What lessons can we learn from the Amazon Web Services outage?
On Tuesday, Amazon's web servers went down and took a lot of the internet with them. Some of the world's most popular websites and apps including Docker, Medium, and Slack went offline or lost functionality for almost four hours while engineers worked to fix the problem.
There’s a lot to learn from an outage like this – and a lot of nonsense being posted by people who, at first glance, sound very convincing, but actually don’t really seem to know what they are talking about. Specifically, those shouting about multi-provider infrastructure and how the cloud is a problem for the internet.
Here are some aspects of the outage that stand out to me:
1. AWS has failures.
All cloud providers do, and that means you should be architecting cloud solutions using the same principles as you would for on-premise solutions. This includes replicating your data outside of it’s primary location to a backup location, to be brought online in the event of failure.

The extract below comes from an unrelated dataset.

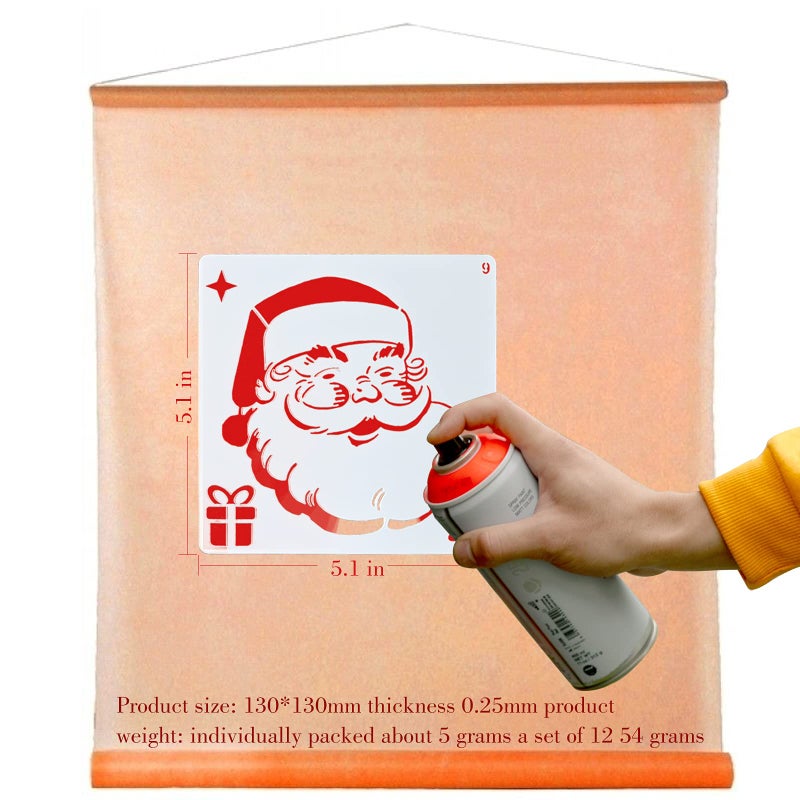 Andiker Andiker 12 Pcs Christmas Painting Stencils, Reusable Plastic Xmas Theme DIY Craft Drawing Templates, Santa Christmas Tree Snowman Stencil for Window Scrapbook Wall Decoration - Image 5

You also need to decide at what point a failure will take your site down – is it failure of a single server, data center, or a region? If you’re not prepared to accept downtime when a region (in AWS terminology) fails, then your architecture should reflect that. The key thing here is that the cloud doesn’t magically stay up.
2. Some pretty big sites went down.
Some big sites including Trello, Quora, and IFTTT went offline as a result of the outage. This tells us that those sites have not built resiliency of region failure into their solution, or if they have, it didn’t work. Of course, we don’t know the detail of how those sites are built, but it is possible to tolerate failure of a region on AWS. This could have been achieved for S3 using things like cross-region replication, CloudFront, Route 53, and for their wider infrastructure – EC2 etc – using CloudFormation templates in secondary regions. It’s interesting to note that such large sites haven’t done this. It’s perhaps reasonable to assume a region won’t go down given point 3, but still. There could be a number of reasons they haven’t done this. They may lack operational experience or knowledge in their teams, leading to a reliance on developers and a focus on code rather than infrastructure. Alternatively, they might have simply decided they would accept downtime if a region failed, as the cost of being more resilient wasn’t worth it – which isn’t a strategy completely without merit.
3. The size of this outage.
This was a big outage. There are currently 16 AWS regions, with 2 more in the works. In AWS terminology each region is a collection of Availability Zones. These are basically datacenters. Every AWS region has a minimum of 2 AZs in it – the US-EAST1 (North Virginia) region that went down has 4 AZs. This means an engineer was able to execute a playbook that took down a critical service in 4 datacenters!
4. Post mortem.
The post mortem published by Amazon seems to have been pretty well received and I felt demonstrated a certain degree of ownership and class on their part. It was concise, to the point, and, most importantly, didn’t attempt to divert responsibility – they explained it, owned it, and apologised.